A fair cop! Accurate breath analysis and speed detection

Key text

If courts can’t trust the evidence, it’s reasonable that they won’t convict the accused, because nobody wants to see innocent people punished. But we also know that speeding and drink-driving are offences that endanger people’s lives, so we don’t want the guilty to get off scot-free. Getting the measurements right, then, is critical (Box 1: Measurement standards). Let's take a look at how measurement standards affect breath-tests and speed detectors.

Breath analysis

At random breath-testing roadblocks, drivers are asked to blow through a plastic tube into a small, hand-held breath-testing device that uses an electrochemical fuel cell as a sensor.
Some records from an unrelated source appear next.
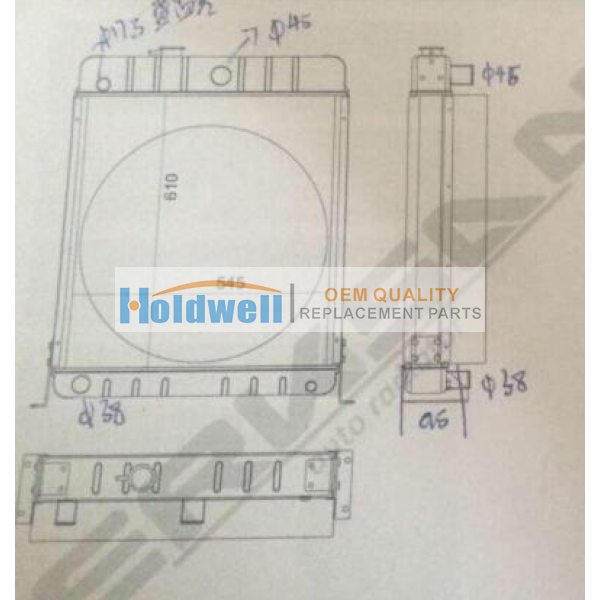 HOLDWELL radiator 120-480 for FG Wilson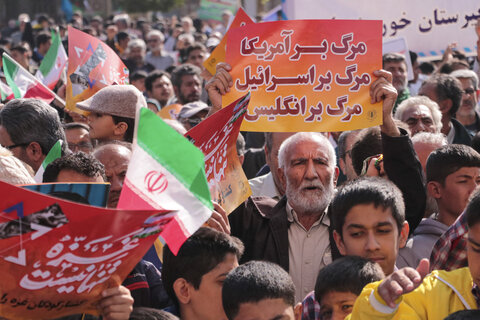 تصاویر| خروش مردم شیراز در محکومیت جنایات صهیونیست‌ها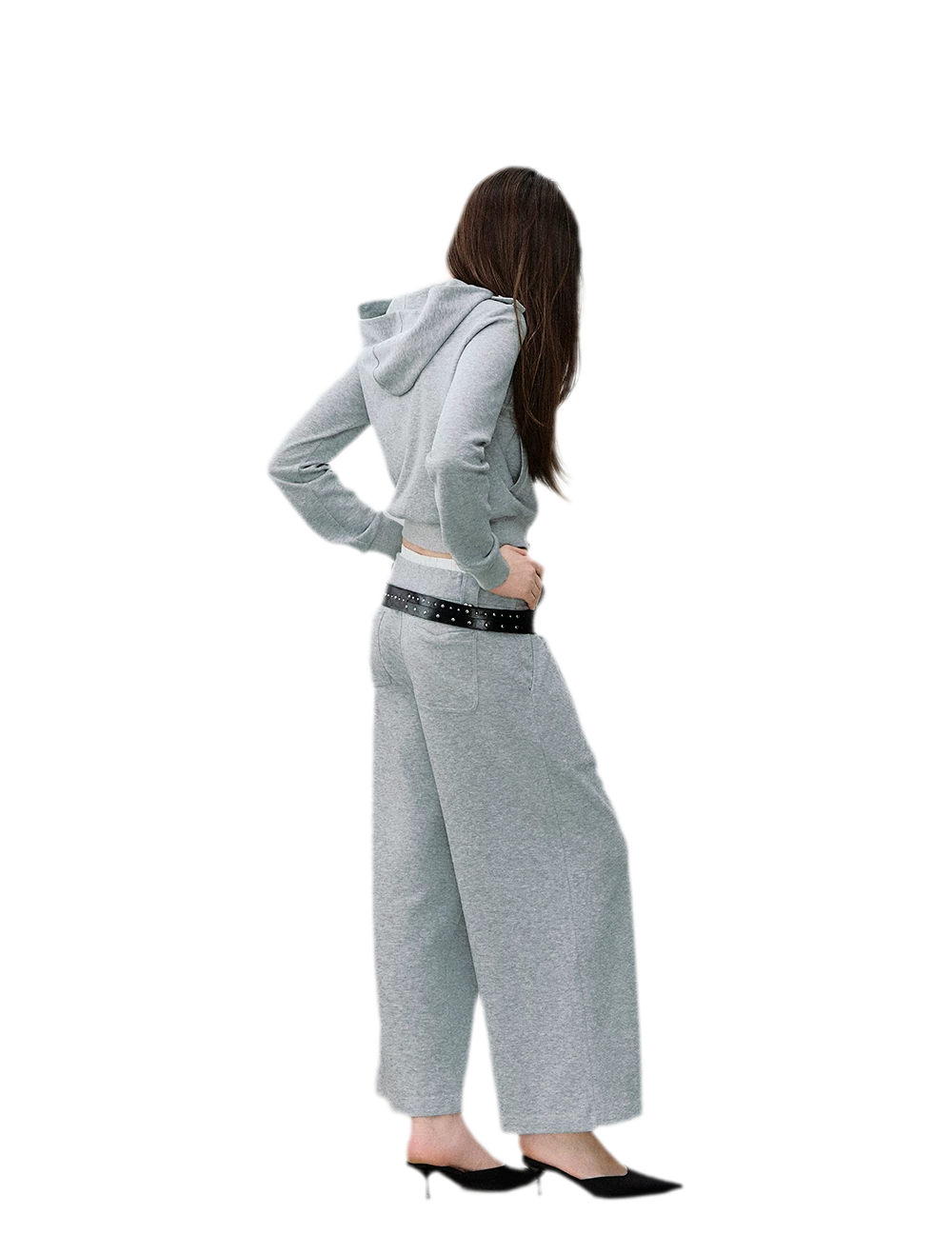 Hooded Knit Set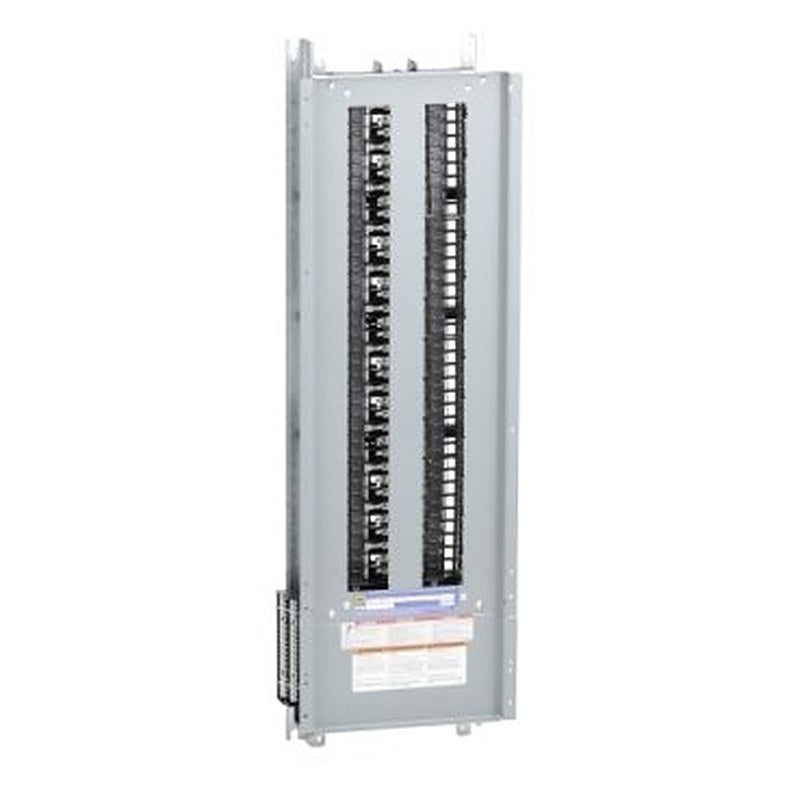 Panelboard interior, NQ, main lugs, 225A, Al bus, 72 pole spaces, 3 phase, 4 wire, 240VAC, 48VDC (Panelboard interior NQ) is a Schneider Electric product. Designed for reliable performance and long service life. Available across Iraq — contact us for pricing and delivery options.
If the reading on the device is under the legal limit of 0.05, the driver is free to leave. These hand-held devices (in Australia the Lion 502 and 400 series are mainly used) do not print out a hard copy of the reading and are not used as evidence in Australian courts.

Any driver registering 0.05 or above is required to take ‘evidential’ breath tests using an instrument that is calibrated before and after the person is tested and provides a hard copy of the results. These can be used as evidence in a court of law. In Australia, the instrument currently used for such testing is the Drager Alcotest 7110 (Box 2: Drager Alcotest 7110).

Breath alcohol vs blood alcohol

Breath analysers are an ‘indirect’ way of measuring the concentration of alcohol in the blood – a direct way would be to take a blood sample from the driver, but this is impractical and potentially unhygienic. The principle of breath analysers is based on Henry’s Law, which states that the concentration of a gas in the air immediately above a liquid is proportional to its concentration in the liquid. In the lungs there is an exchange between the alcohol in the blood and the alcohol in the air within the lungs. In the 'deep lung' region there is an equilibrium situation where the concentration of alcohol in the lung air is proportional to the concentration in the blood. This breath to blood ratio used in breath test analyses states that 2100 millilitres of breath will contain the same weight of alcohol as does 1 millilitre of blood.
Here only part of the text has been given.